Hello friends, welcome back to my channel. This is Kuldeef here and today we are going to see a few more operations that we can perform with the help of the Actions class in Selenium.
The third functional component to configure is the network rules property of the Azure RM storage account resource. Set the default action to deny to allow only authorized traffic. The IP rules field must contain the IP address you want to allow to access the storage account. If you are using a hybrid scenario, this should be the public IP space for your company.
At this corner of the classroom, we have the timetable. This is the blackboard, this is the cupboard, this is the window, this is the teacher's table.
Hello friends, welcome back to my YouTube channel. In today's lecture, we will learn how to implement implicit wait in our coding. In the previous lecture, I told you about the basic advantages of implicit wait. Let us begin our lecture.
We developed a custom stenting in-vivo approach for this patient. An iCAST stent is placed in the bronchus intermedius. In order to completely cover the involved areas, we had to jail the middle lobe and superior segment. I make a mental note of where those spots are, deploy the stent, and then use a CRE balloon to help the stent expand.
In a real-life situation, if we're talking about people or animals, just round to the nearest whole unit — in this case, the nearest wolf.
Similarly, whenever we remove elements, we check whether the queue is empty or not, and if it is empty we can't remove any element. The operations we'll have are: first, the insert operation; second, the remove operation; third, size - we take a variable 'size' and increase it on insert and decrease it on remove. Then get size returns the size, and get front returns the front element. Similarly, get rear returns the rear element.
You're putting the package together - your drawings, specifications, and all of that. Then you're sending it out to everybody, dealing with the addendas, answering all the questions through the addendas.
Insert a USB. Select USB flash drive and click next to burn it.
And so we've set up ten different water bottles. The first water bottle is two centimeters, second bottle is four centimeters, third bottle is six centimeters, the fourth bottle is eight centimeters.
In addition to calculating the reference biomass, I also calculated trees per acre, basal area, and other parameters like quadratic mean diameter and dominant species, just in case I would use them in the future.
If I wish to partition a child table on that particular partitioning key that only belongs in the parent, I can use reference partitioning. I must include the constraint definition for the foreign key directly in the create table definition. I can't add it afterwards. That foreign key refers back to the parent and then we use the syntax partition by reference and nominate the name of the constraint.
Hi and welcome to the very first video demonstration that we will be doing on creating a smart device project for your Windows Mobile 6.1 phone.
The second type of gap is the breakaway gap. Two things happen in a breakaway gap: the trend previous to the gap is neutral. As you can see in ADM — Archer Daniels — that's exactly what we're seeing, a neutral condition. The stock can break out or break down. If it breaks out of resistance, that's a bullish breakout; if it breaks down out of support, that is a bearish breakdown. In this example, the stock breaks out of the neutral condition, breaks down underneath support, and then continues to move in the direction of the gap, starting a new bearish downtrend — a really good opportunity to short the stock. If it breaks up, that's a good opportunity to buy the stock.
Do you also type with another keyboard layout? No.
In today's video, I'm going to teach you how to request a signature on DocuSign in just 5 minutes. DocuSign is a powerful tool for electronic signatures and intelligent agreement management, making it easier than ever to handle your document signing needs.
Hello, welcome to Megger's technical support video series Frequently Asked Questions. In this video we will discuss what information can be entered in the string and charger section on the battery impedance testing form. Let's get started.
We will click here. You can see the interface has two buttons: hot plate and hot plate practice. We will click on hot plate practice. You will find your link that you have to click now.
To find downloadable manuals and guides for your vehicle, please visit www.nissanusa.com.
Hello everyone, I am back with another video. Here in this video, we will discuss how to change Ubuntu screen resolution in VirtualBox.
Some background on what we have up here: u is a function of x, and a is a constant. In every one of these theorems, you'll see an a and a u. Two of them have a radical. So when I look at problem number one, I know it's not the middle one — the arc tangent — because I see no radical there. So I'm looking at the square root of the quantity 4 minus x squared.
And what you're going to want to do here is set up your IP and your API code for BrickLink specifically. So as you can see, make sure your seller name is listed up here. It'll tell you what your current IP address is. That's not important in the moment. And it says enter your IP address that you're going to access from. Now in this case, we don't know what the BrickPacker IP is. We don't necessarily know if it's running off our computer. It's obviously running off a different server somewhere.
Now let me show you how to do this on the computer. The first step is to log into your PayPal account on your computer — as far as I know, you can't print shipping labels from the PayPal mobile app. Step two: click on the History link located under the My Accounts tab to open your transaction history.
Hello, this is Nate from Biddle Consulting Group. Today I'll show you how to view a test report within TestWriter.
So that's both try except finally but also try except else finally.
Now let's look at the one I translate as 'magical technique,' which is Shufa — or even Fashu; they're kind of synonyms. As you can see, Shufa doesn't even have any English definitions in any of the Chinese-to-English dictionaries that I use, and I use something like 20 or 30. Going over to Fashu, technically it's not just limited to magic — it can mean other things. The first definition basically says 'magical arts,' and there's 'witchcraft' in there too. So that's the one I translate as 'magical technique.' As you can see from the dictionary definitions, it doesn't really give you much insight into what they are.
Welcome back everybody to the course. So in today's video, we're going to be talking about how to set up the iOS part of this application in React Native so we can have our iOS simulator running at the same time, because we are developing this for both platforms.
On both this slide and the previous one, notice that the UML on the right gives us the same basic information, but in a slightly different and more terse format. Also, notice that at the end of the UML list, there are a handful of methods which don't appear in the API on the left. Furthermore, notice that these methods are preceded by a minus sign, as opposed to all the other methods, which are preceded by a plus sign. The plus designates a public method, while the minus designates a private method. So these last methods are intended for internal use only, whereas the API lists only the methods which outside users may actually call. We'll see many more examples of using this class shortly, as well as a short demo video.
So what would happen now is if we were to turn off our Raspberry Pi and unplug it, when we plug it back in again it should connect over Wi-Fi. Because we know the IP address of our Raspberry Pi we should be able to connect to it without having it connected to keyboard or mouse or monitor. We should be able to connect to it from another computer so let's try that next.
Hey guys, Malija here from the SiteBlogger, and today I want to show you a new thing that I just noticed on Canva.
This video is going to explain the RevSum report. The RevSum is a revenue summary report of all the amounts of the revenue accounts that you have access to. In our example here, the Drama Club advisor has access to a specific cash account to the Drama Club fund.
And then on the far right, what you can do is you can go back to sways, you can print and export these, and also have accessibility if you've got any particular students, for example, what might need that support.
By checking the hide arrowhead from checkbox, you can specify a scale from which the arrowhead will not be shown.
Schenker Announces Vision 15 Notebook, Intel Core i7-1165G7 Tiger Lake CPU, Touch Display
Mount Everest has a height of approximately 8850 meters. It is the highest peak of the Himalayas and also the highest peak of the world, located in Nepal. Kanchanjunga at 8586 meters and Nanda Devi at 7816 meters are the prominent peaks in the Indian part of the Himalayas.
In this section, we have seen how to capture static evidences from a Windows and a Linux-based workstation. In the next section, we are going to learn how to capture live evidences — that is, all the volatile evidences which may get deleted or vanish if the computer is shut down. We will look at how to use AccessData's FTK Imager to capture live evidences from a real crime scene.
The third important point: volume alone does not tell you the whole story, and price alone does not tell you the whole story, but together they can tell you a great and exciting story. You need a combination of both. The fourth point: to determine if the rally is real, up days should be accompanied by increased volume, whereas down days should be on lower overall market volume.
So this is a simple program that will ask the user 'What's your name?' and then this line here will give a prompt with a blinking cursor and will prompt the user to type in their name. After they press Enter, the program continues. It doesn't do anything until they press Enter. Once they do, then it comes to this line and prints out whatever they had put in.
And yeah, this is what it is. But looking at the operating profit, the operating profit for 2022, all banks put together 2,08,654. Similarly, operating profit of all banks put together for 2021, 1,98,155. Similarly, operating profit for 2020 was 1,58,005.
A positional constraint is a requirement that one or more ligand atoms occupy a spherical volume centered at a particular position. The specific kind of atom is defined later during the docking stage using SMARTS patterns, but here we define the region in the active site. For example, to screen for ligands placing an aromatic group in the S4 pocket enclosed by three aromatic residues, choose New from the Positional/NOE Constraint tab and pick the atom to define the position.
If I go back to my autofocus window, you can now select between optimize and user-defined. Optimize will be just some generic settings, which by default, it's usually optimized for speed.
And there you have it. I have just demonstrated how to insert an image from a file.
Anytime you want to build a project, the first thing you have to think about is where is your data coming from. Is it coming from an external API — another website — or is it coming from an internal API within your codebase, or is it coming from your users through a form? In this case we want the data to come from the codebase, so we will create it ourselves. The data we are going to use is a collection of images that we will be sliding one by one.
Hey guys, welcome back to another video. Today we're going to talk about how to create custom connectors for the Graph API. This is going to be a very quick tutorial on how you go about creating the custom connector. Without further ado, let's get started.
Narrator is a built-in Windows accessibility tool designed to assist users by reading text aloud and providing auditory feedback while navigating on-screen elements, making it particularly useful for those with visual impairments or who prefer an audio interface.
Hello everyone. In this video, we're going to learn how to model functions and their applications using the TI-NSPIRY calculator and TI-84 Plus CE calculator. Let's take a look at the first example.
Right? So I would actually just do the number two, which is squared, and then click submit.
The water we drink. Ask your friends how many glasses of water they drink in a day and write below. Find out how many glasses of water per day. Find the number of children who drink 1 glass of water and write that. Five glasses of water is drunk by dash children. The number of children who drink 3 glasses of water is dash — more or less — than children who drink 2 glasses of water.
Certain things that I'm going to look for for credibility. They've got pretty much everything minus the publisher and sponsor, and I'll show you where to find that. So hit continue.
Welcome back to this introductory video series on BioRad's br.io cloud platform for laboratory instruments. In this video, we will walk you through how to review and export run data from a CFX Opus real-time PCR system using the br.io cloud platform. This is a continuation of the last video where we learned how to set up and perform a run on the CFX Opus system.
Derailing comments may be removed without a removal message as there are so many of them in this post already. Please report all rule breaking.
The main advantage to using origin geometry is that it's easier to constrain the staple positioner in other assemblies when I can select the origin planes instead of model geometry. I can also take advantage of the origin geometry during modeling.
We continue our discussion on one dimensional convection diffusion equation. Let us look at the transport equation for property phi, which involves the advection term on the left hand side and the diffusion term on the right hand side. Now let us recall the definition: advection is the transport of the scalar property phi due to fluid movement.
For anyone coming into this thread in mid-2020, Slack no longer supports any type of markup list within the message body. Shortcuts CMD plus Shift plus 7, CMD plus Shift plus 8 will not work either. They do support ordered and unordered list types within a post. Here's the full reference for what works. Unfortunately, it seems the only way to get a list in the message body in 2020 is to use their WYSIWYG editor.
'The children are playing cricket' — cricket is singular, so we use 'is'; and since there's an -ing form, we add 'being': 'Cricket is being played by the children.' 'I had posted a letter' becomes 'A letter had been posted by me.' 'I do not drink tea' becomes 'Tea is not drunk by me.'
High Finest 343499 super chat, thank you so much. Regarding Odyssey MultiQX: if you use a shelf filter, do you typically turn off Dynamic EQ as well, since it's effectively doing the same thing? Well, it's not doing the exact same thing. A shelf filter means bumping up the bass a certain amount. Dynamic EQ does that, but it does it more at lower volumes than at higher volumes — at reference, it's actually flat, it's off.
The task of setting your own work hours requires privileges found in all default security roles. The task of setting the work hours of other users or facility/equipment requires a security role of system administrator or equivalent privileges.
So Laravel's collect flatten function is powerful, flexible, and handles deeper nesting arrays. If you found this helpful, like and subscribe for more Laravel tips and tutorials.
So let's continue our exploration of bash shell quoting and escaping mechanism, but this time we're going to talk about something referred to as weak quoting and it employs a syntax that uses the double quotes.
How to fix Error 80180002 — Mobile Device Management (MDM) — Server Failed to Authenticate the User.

_____

#### Your task
Among the entries above, the line containing "Hello, welcome to", the line containing "Now let me show", and all lines between them are to be restated word for word; nothing else belongs in the reply.

#### Solution to this problem
Hello, welcome to Megger's technical support video series Frequently Asked Questions. In this video we will discuss what information can be entered in the string and charger section on the battery impedance testing form. Let's get started.
We will click here. You can see the interface has two buttons: hot plate and hot plate practice. We will click on hot plate practice. You will find your link that you have to click now.
To find downloadable manuals and guides for your vehicle, please visit www.nissanusa.com.
Hello everyone, I am back with another video. Here in this video, we will discuss how to change Ubuntu screen resolution in VirtualBox.
Some background on what we have up here: u is a function of x, and a is a constant. In every one of these theorems, you'll see an a and a u. Two of them have a radical. So when I look at problem number one, I know it's not the middle one — the arc tangent — because I see no radical there. So I'm looking at the square root of the quantity 4 minus x squared.
And what you're going to want to do here is set up your IP and your API code for BrickLink specifically. So as you can see, make sure your seller name is listed up here. It'll tell you what your current IP address is. That's not important in the moment. And it says enter your IP address that you're going to access from. Now in this case, we don't know what the BrickPacker IP is. We don't necessarily know if it's running off our computer. It's obviously running off a different server somewhere.
Now let me show you how to do this on the computer. The first step is to log into your PayPal account on your computer — as far as I know, you can't print shipping labels from the PayPal mobile app. Step two: click on the History link located under the My Accounts tab to open your transaction history.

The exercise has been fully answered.